Les Insur­gés prennent le pou­voir. Jacopo Nardi pro­clame la déchéance du régime des Médi­cis et ins­ti­tue la Répu­blique flo­ren­tine. La chasse aux Médi­cis est ouverte. Le palais est envahi. La petite Cathe­rine est cap­tu­rée pour être exé­cu­tée. C’est le Gon­fa­lo­nier de jus­tice, fraî­che­ment élu, qui lui sauve la vie, voyant en elle une mon­naie d’échange. Il décide de la confier aux reli­gieuses du couvent de Santa-Lucia. Or, ce couvent dépend des Domi­ni­cains qui détestent les Médi­cis. Com­mencent pour Cathe­rine de longs mois de souffrance…

Cette his­toire de l’Histoire est pré­sen­tée de façon dyna­mique, met­tant du piquant en entre­mê­lant aux grands évé­ne­ments des faits quo­ti­diens, des détails de l’histoire. Les scé­na­ristes appuient leur intrigue sur une recons­ti­tu­tion rigou­reuse, la réa­lité étant bien plus riche en rebon­dis­se­ments que pour­rait l’être une fic­tion. Le des­sin de Car­los Gomez est réa­liste, très réa­liste comme il sied à un récit de ce genre. Il offre des traits soi­gnés, des détails pré­cis, des scènes de foules comme des vues plus res­treintes pour mettre au jour des sen­ti­ments, des émo­tions. Et celles-ci ne manquent pas dans cette période par­ti­cu­liè­re­ment vio­lente, féroce. Mais, y a-t-il d’autres périodes ? N’est-ce pas aussi bru­tal, bar­bare ce qui se passe au Moyen-Orient, dans les zones sub-sahariennes… ?
La mise en cou­leurs de José Luis Rio res­ti­tue à mer­veille l’atmosphère qui pou­vait régner dans les cités quand, dans les inté­rieurs, l’éclairage pro­ve­nait essen­tiel­le­ment de flammes, celles des torches, des bou­gies, quand seule la lumière natu­relle éclai­rait les scènes diurnes. Des­si­na­teur et colo­riste réa­lisent un tra­vail remar­quable sur les cos­tumes, les objets et usten­siles du quo­ti­dien, sur les armes et les mobi­liers des décors et sur les dif­fé­rents monu­ments où se déroulent les actions.

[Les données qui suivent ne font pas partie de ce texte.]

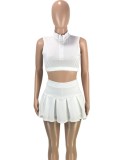 White Zip Up Midi Neck Sleeveless Crop Top and A-Line Skirt 2PCS Set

Un pre­mier volet attrac­tif pour la qua­lité et la pré­ci­sion du récit, pour un magni­fique gra­phisme réaliste.

serge per­raud

Arnaud Dela­lande & Simona Moga­vino (scé­na­rio), Car­los Gomez (des­sin), José Luis Rio (cou­leur), Les Reines de sang : Cathe­rine de Médi­cis, la reine mau­dite — Volume 1, Del­court, coll. “His­toire et His­toire”, sep­tembre 2018, 56 p. – 14,95 €.